Bookstores - Death of an American Institution

Over the last 5 years, reading clicked with me.  I don't know the exact book that did it, but it all ties back to when I was studying for my M.B.A.  I was attending school part-time, but I truly didn't appreciate the opportunity to study, learn and grow until after I started studying for my graduate degree.  (To be honest, I didn't even have a good reason to go for my graduate degree, I already had a full-time career job lined up after college, but some part of me felt a need to keep learning.. which I am very greatful for... but I digress)

I attended Marywood University where I remember studying under Dr. Rex Dumdum for a few classes, and they were extremely reading intensive.  It was common to have 5-6 10+ page reading assignments - usually from Harvard Business Review - for homework each week.  While that may not seem like a great amount of reading, it was certainly imperative, as each following week all articles were discussed in great lenghts.  I also remember thoroughly enjoying each week's classroom discussions, as it was very enlightening to not only read such advanced concepts, but spend time in class dissecting these articles and reflecting on them, week after week.  As I finished up my degree, I reached out to "Dr. D" as he was affectionately called, asking him what I can read to continue to gain insight and knowledge.  He pointed me in the direction of Malcolm Gladwell, among others, and that was all I needed.. my reading button had been pushed.

Thinking back on it now, that was probably about 5 years ago or so.  Since that time, I haven't become a "huge" reader, I certainly find myself distracted at times to do other things than just read, but I definately have more of a passion for it than I ever had.  However, I have equally found pleasure in finding some reading spots nearby, since I learned that the siren call of a nearby Playstation, no matter how good a book I'm reading, is always tempting.  As such, I found myself at Border's a number of times over the years to get a nice cup of coffee, settle in on a heavily worn down leather sofa and dive into whatever I may have been reading at the time.  Then... Border's closed.  I can't say I'm surprised, I was one of the people that killed them with a death by 1000 cuts.  If you've read my previous post's, you've noticed my oft references to my beloved Kindle.  I don't go to bookstore's to buy books, I go for coffee and a quiet place to read.  For as brilliant a model it is to have a coffee shop in a bookstore, it's stupid to have a bookstore with all those amenities when you don't sell books. published an article late last year regarding the state of bookstores (, and it's interesting.. it also cannot combat what Barnes And Noble has become:

I didn't take that picture, but I easily could have, that isn't just a store display, that is the first thing you see as you now enter B&N stores, which is what I witnessed first hand earlier this week (and has become the inspiration for this post).  Bookstores are dead, and large chains like B&N know it, they're just saving face while they can.  It's a shame too, I went into my local B&N, got a Starbucks coffee, sat in a worn down leather sofa, opened up my current book and chilled out for an hour or so.  I wasn't alone either, there were plenty of people in the store.. just nobody browsing\purchasing books.  I enjoyed being there, and it feels good to be a book nerd amongst fellow book nerds (which is an amazing social experiment, a group of bookies who all share a room yet don't make eye contact or speak to one another).

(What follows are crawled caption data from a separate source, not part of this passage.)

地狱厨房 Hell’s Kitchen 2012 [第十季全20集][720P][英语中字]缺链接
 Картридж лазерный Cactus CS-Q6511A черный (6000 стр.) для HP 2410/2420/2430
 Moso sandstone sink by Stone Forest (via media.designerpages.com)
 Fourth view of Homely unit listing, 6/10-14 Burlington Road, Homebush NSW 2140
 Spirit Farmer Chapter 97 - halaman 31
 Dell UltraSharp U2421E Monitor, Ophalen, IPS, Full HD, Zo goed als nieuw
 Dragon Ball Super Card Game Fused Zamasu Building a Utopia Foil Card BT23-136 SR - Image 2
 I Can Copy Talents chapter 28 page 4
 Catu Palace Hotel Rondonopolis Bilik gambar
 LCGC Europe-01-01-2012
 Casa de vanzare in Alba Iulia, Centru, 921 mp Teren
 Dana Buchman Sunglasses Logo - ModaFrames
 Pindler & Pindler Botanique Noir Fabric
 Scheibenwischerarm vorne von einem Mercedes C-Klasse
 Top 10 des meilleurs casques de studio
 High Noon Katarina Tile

Retail stores won't die easy, but many die nonetheless, and it's a shame, bookstores seem to have always been that niche store, almost like a special club in any local town or city.  You never saw the skate-rats hanging out in Border's, they were too busy slurping Coke outside the food court or browsing punk CD's at The Wall (yeah.. remember that music store?).  However, take any reader to a local town, they'll sniff out a bookstore within 15 minutes flat, enter the joint and talk to the cashier like their Sam Malone in Cheer's.

So fight the good fight local Barnes and Noble, you and your fellow bookstores are beloved, but you're a dying breed losing the battle one e-book at a time.